Rupert Murdoch’s public slap down of the new acting Sunday Times editor Martin Ivens over the publication of Gerald Scarfe’s cartoon of Benjamin Netanyahu raises a number of important issues.

One is that all of the editors in Murdoch’s News Corp media empire have been made aware of the danger that when they next find themselves mired in a controversy and fighting to protect their editorial reputation the boss might use his favourite social media network to cut them down at the knees.

It seems inevitable that those editors will be more likely than in the past to try to second guess the views of a man who assured the Leveson Inquiry that he does not interfere in the editorial content of his papers.

As Ivens sought to justify the drawing, published in the first edition of the Sunday Times since he was made acting editor last week, Murdoch took to Twitter to offer his apology for the “grotesque, offensive cartoon” showing Netanyahu apparently building a wall and using Palestinian blood for mortar.

The comments raise questions about the future of Scarfe at the Sunday Times, a title that has published his drawings for almost half a century. Ironically, some more jealous members of Britain’s cartoon artist community sometimes complain of Scarfe’s apparently cushy lifestyle in Chelsea, married to the cake-baking actress Jane Asher. Well, no one could say his latest piece isn’t controversial. He may well have enjoyed Murdoch’s critique of his work.

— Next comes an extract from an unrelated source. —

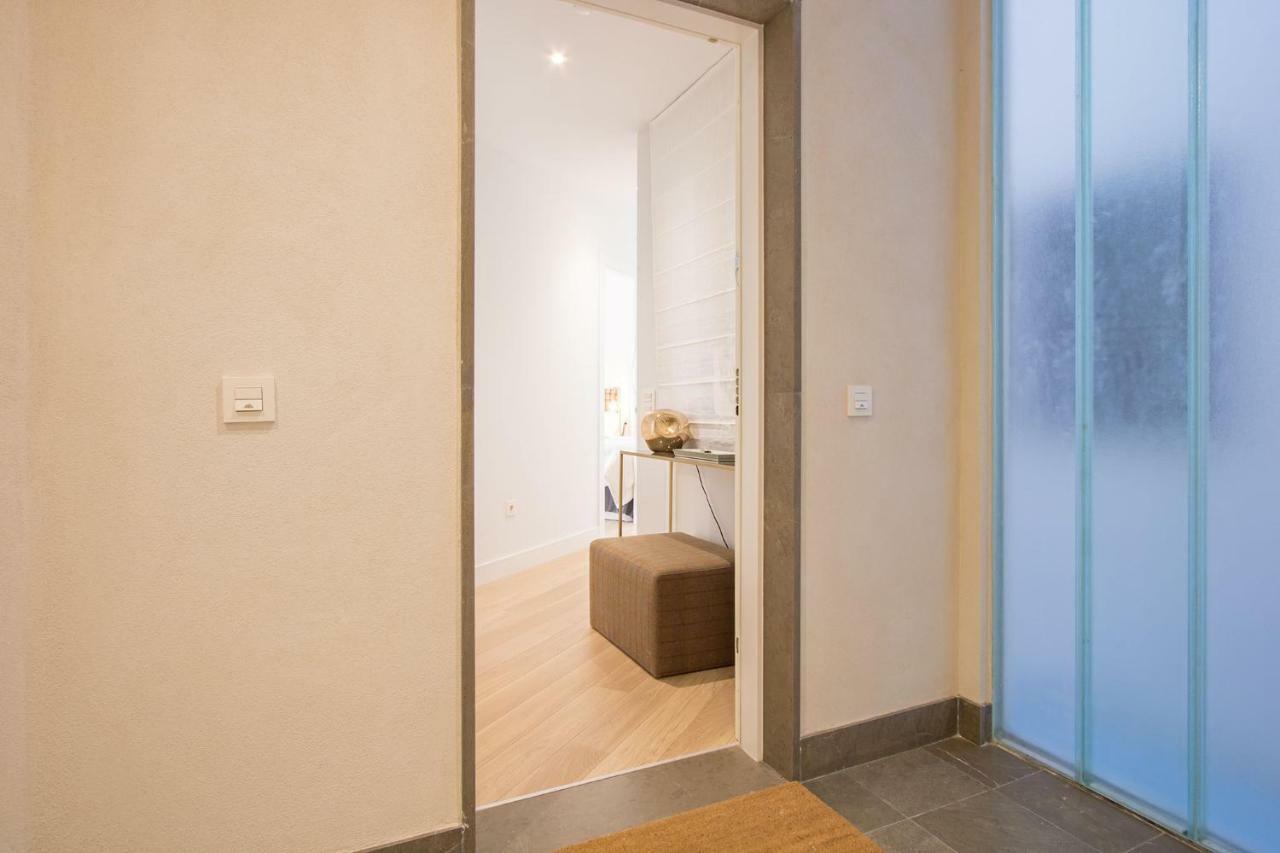 Ohliving Santa Cruz Apartment Sevilla Bagian luar foto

This Twitter intervention will have been noted by those powerful friends who feel they have the ear of the world’s most famous media mogul. If Rupert can be persuaded to publicly embarrass the Sunday Times then perhaps he can be induced to denigrate other News Corp content that angers those in his circle, from Republican politicians to climate change sceptics?

The episode also gives an indication of the power of the Israel lobby in challenging critical media coverage of its politicians. The Independent experienced something similar when cartoonist Dave Brown depicted then Israeli Prime Minister Ariel Sharon as a child killer in his adaptation of Goya’s “Saturn Devouring His Son” in 2003. Campaigners generated a flood of complaints to the Press Complaints Commission, which rejected the idea that the cartoon was anti-Semitic.

The Middle East is probably the most difficult territory for any global news organisation to cover. My attention was recently drawn to Al Monitor, an ambitious website that pulls together the commentary of distinguished writers from across the region, with articles offered in Hebrew, Arabic and Turkish, as well as English, and covering social as well as political developments.

But the area remains a media minefield. It’s interesting to note the approach of the Daily Mail, which despite the enormous scope of its website and the strengths of its editorial department, essentially steers clear of the subject.

Some might call that an abdication of journalistic responsibility while others would recognise the business sense of avoiding a live hand grenade of a topic which brings no obvious commercial benefit to the publisher. Which is why the paper and its website have ignored this Netanyahu story, uncomfortable as it is for one of its greatest media rivals.